Sad and sorry is our lot.
Gilbert and Sullivan productions have become an endangered species in New York. In the not too distant past, the city hosted frequent visits from the D’Oyly Carte, which preached the Savoyard gospel lovingly from on high. Lesser companies filled gaps between seasons. The New York City Opera staged large-scale efforts of its own.
Now we just have the New York Gilbert and Sullivan Players – aka NYGASP – sporadically complemented by the quasi-amateurish Blue Hill Troupe. On Saturday, NYGASP invaded the little auditorium at the College of Criminal Justice with a rare object all sublime: The Sorcerer.
Written in 1877, it represents the third G&S collaboration and offers previews of coming attractions: vocal-character casting, crazed patter, Victorian satire and grand-opera burlesque. Success at the time was modest. Even at 135 the piece remains primarily a lure for the connoisseur.

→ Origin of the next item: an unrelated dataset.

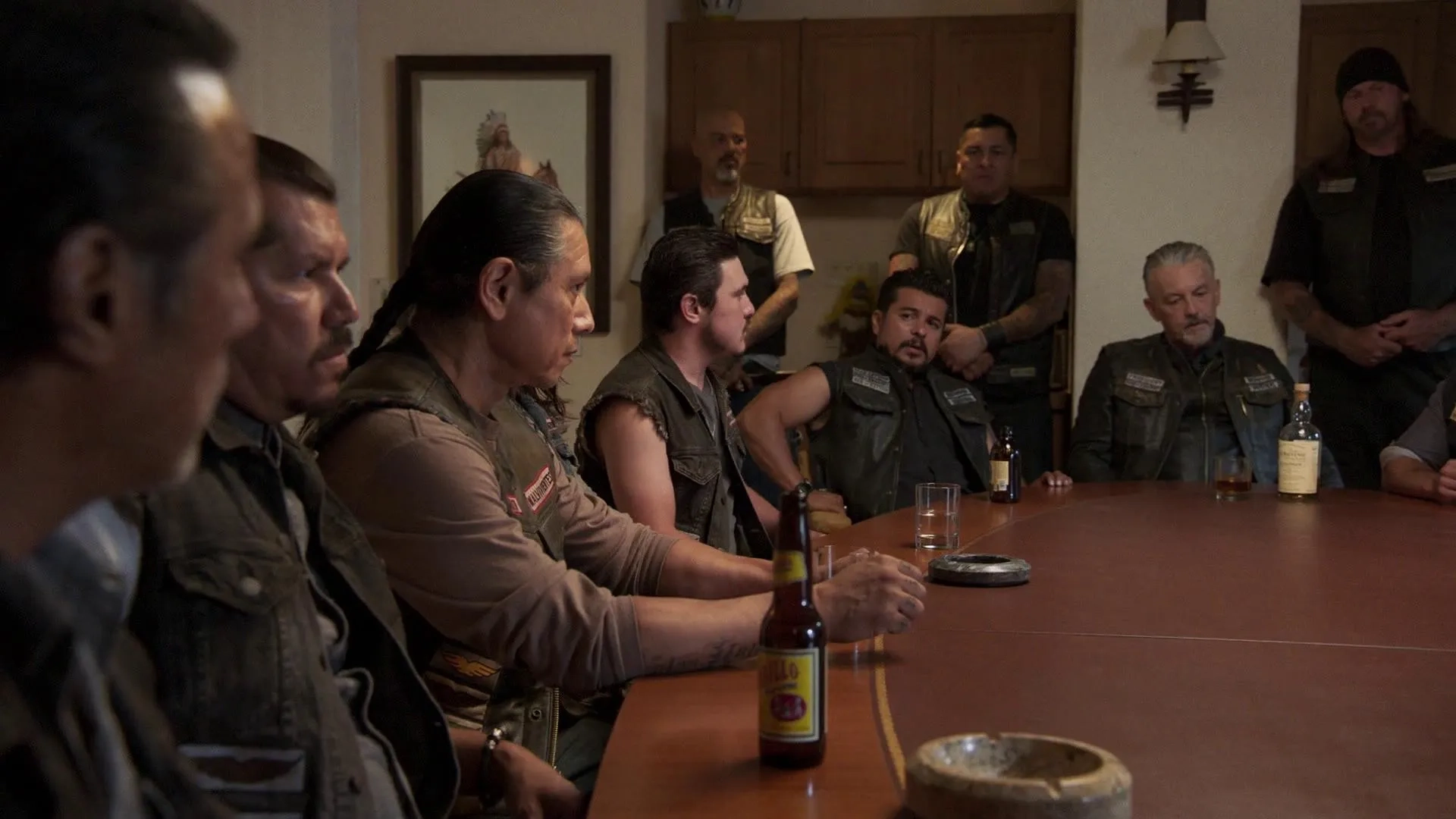 Gregory Cruz, Tommy Flanagan, Jacob Vargas, Frankie Loyal, David Labrava, and Rusty Coones in Mayans M.C.: Kukulkan (2019)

And so it was here. One had to admire the tunes and the plot convolutions, even if the tunes vacillated in quality and the convolutions resisted neat resolution – judged by the later G&S standards. One had to applaud a high-spirited ensemble and, as always, the bravado of Albert Bergeret, who conducts, directs, arranges, produces and, for all we know, irons the costumes and sweeps the stage.

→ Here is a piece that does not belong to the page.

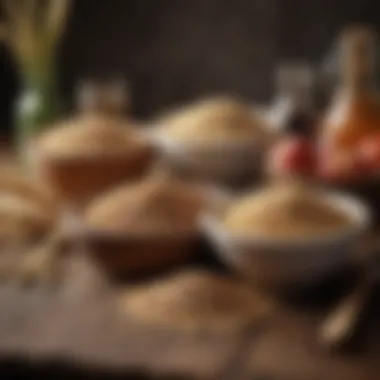 A variety of whole grains displayed in a rustic setting.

Still, it was hard to overlook certain inequities: rudimentary scenery, grab-bag costumes, a scratchy orchestra and fussy dance routines. Also problematic: nearly everyone seemed encouraged to mug rather than act. Gilbert always instructed his players to sustain earnestness even while mouthing absurdities. Somehow that crucial message has gotten lost.
The somewhat uneven NYGASP cast was dominated by Stephen O’Brien, a cuddly rather than sinister sorcerer who elegantly skimmed the traps of “My name is John Wellington Wells”. Richard Alan Holmes registered nice mock-dignity as Vicar Daly, and even mustered a reasonable facsimile of a trill. Daniel Greenwood sounded ardent, acted arch as the tenor-hero, sweetly counterbalanced by Kimilee Bryant as his slightly shrill betrothed. Keith Jurosko exuded crisp savoir-faire as old Marmaduke.